• _Short text fragments from websites_
====
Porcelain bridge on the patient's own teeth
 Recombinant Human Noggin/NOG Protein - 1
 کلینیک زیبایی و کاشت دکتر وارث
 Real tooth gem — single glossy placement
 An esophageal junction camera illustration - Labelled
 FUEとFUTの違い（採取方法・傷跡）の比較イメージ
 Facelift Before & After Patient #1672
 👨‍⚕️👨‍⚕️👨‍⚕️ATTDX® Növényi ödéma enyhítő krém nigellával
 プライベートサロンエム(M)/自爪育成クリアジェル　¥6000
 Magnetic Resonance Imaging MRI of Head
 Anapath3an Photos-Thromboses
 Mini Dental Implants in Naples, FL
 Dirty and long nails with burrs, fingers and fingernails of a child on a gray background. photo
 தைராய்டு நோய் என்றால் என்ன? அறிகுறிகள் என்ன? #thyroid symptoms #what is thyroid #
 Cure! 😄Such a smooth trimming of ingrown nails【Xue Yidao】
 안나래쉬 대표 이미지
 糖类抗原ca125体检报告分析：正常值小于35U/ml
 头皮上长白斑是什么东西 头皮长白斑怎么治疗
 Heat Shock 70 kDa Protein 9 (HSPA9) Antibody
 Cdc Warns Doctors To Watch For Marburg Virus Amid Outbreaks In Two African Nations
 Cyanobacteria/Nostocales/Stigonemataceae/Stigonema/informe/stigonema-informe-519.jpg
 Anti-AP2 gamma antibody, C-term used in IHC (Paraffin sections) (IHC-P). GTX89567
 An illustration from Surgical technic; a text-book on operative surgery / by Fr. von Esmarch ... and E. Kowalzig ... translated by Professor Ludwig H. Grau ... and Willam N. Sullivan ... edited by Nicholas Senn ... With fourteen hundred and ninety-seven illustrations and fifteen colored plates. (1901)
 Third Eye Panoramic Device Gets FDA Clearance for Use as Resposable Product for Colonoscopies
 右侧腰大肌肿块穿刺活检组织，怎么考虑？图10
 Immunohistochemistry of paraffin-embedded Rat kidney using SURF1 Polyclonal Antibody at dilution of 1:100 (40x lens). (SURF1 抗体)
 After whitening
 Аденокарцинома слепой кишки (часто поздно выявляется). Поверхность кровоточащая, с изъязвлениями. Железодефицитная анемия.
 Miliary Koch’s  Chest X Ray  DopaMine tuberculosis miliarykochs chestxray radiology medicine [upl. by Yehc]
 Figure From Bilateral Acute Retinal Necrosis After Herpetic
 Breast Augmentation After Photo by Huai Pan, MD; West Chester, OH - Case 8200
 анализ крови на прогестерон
====
• _Task statement_
Print the entries once more, character for character.

• _Expected answer_
Porcelain bridge on the patient's own teeth
 Recombinant Human Noggin/NOG Protein - 1
 کلینیک زیبایی و کاشت دکتر وارث
 Real tooth gem — single glossy placement
 An esophageal junction camera illustration - Labelled
 FUEとFUTの違い（採取方法・傷跡）の比較イメージ
 Facelift Before & After Patient #1672
 👨‍⚕️👨‍⚕️👨‍⚕️ATTDX® Növényi ödéma enyhítő krém nigellával
 プライベートサロンエム(M)/自爪育成クリアジェル　¥6000
 Magnetic Resonance Imaging MRI of Head
 Anapath3an Photos-Thromboses
 Mini Dental Implants in Naples, FL
 Dirty and long nails with burrs, fingers and fingernails of a child on a gray background. photo
 தைராய்டு நோய் என்றால் என்ன? அறிகுறிகள் என்ன? #thyroid symptoms #what is thyroid #
 Cure! 😄Such a smooth trimming of ingrown nails【Xue Yidao】
 안나래쉬 대표 이미지
 糖类抗原ca125体检报告分析：正常值小于35U/ml
 头皮上长白斑是什么东西 头皮长白斑怎么治疗
 Heat Shock 70 kDa Protein 9 (HSPA9) Antibody
 Cdc Warns Doctors To Watch For Marburg Virus Amid Outbreaks In Two African Nations
 Cyanobacteria/Nostocales/Stigonemataceae/Stigonema/informe/stigonema-informe-519.jpg
 Anti-AP2 gamma antibody, C-term used in IHC (Paraffin sections) (IHC-P). GTX89567
 An illustration from Surgical technic; a text-book on operative surgery / by Fr. von Esmarch ... and E. Kowalzig ... translated by Professor Ludwig H. Grau ... and Willam N. Sullivan ... edited by Nicholas Senn ... With fourteen hundred and ninety-seven illustrations and fifteen colored plates. (1901)
 Third Eye Panoramic Device Gets FDA Clearance for Use as Resposable Product for Colonoscopies
 右侧腰大肌肿块穿刺活检组织，怎么考虑？图10
 Immunohistochemistry of paraffin-embedded Rat kidney using SURF1 Polyclonal Antibody at dilution of 1:100 (40x lens). (SURF1 抗体)
 After whitening
 Аденокарцинома слепой кишки (часто поздно выявляется). Поверхность кровоточащая, с изъязвлениями. Железодефицитная анемия.
 Miliary Koch’s  Chest X Ray  DopaMine tuberculosis miliarykochs chestxray radiology medicine [upl. by Yehc]
 Figure From Bilateral Acute Retinal Necrosis After Herpetic
 Breast Augmentation After Photo by Huai Pan, MD; West Chester, OH - Case 8200
 анализ крови на прогестерон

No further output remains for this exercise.